*WHAT IS NEEDED:*
Please, without any pictures, set down exactly the part of the listing below that opens with the line containing "Consulting in SAP" and closes with the line containing "First thing is, it's".

*AVAILABLE DATA:*
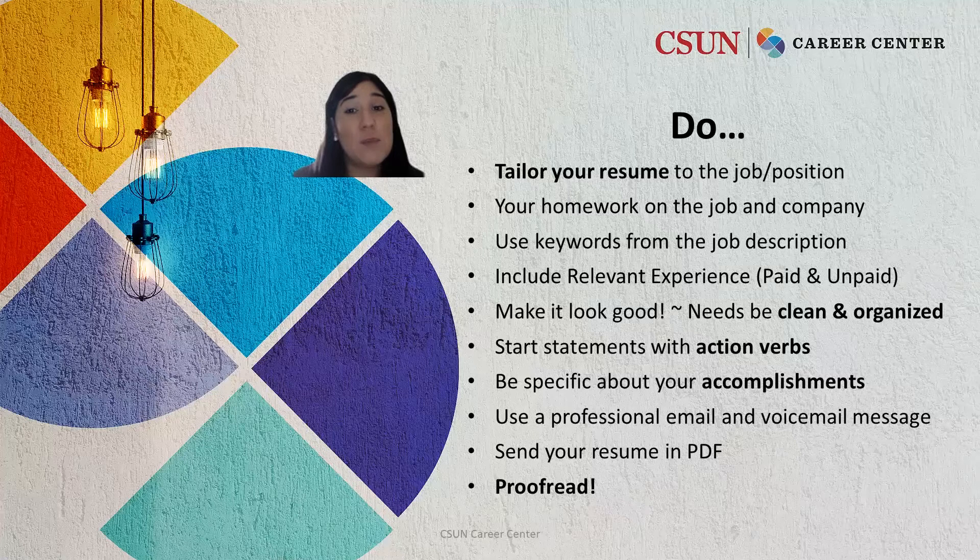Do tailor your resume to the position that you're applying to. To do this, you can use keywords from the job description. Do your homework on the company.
--
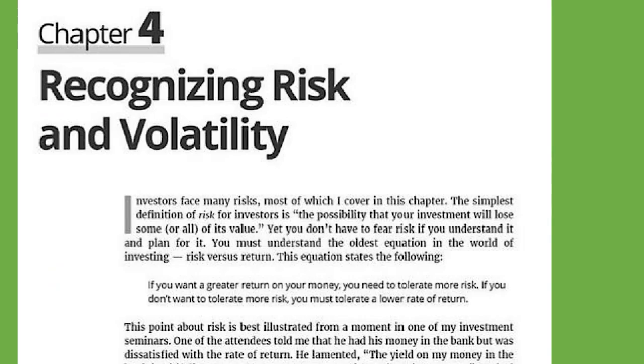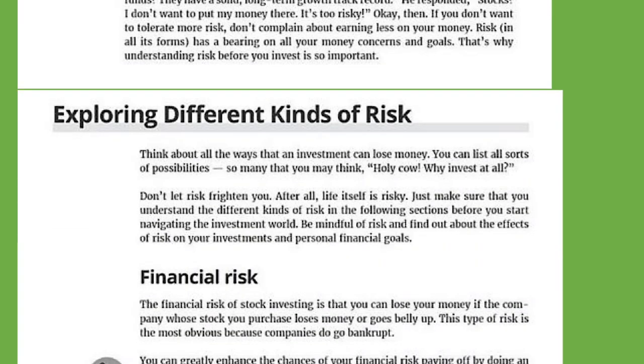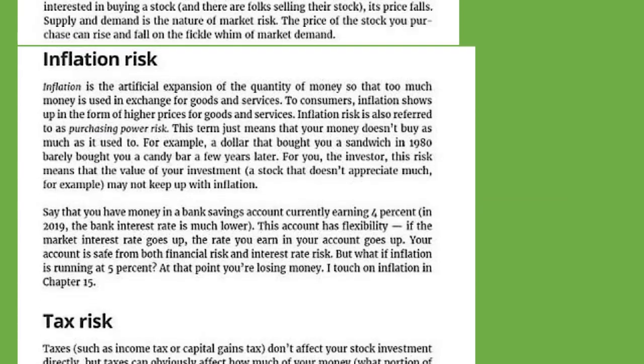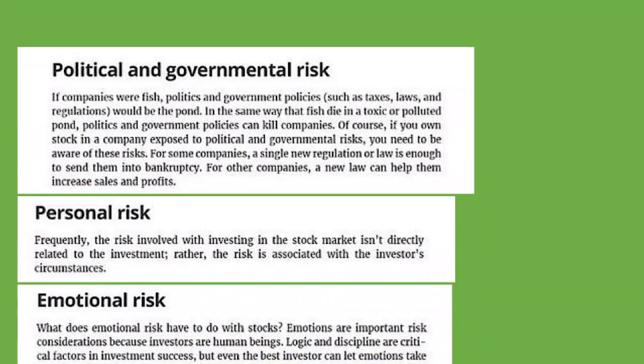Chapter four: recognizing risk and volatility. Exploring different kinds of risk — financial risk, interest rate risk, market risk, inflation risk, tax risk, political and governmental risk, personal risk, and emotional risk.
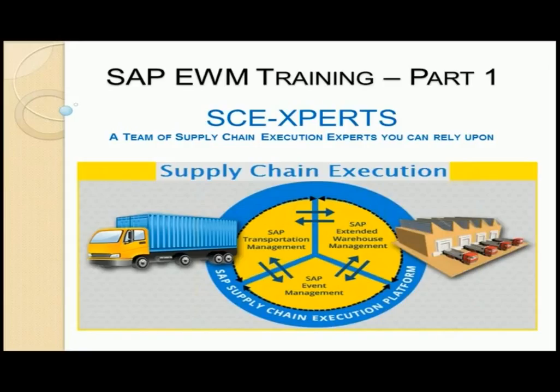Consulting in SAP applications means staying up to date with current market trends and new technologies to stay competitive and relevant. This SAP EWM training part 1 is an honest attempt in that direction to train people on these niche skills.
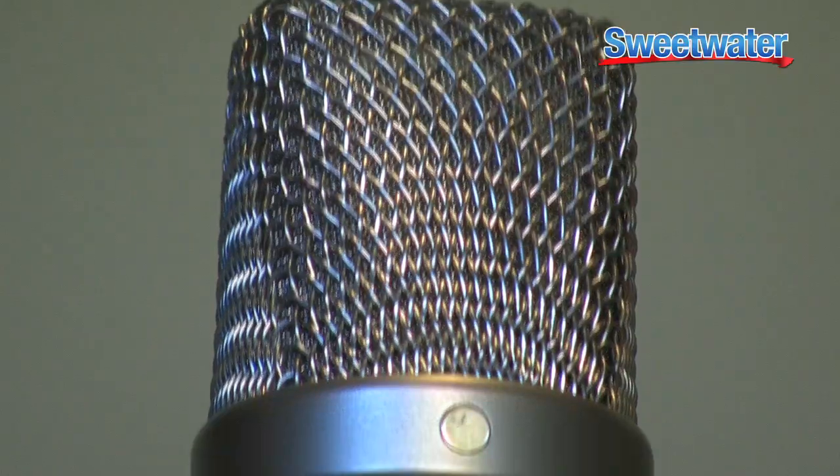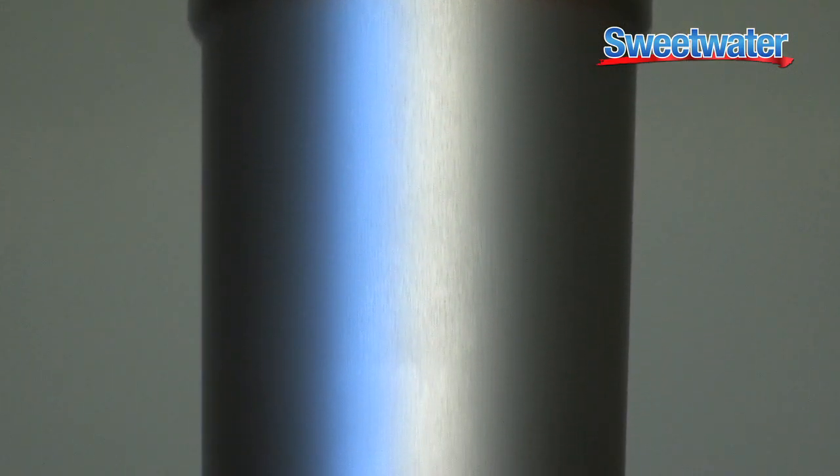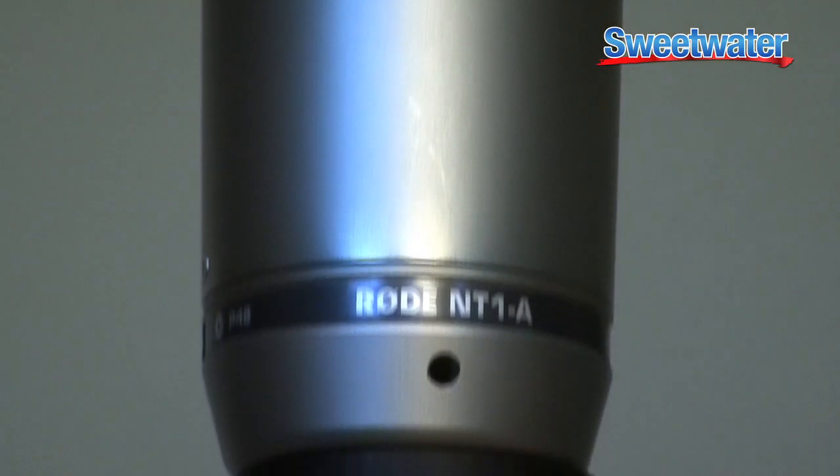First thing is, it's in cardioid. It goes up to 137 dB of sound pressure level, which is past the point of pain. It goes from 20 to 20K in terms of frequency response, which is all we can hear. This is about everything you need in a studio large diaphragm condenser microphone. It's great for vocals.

*ANSWER SPACE:*
Consulting in SAP applications means staying up to date with current market trends and new technologies to stay competitive and relevant. This SAP EWM training part 1 is an honest attempt in that direction to train people on these niche skills.
First thing is, it's in cardioid. It goes up to 137 dB of sound pressure level, which is past the point of pain. It goes from 20 to 20K in terms of frequency response, which is all we can hear. This is about everything you need in a studio large diaphragm condenser microphone. It's great for vocals.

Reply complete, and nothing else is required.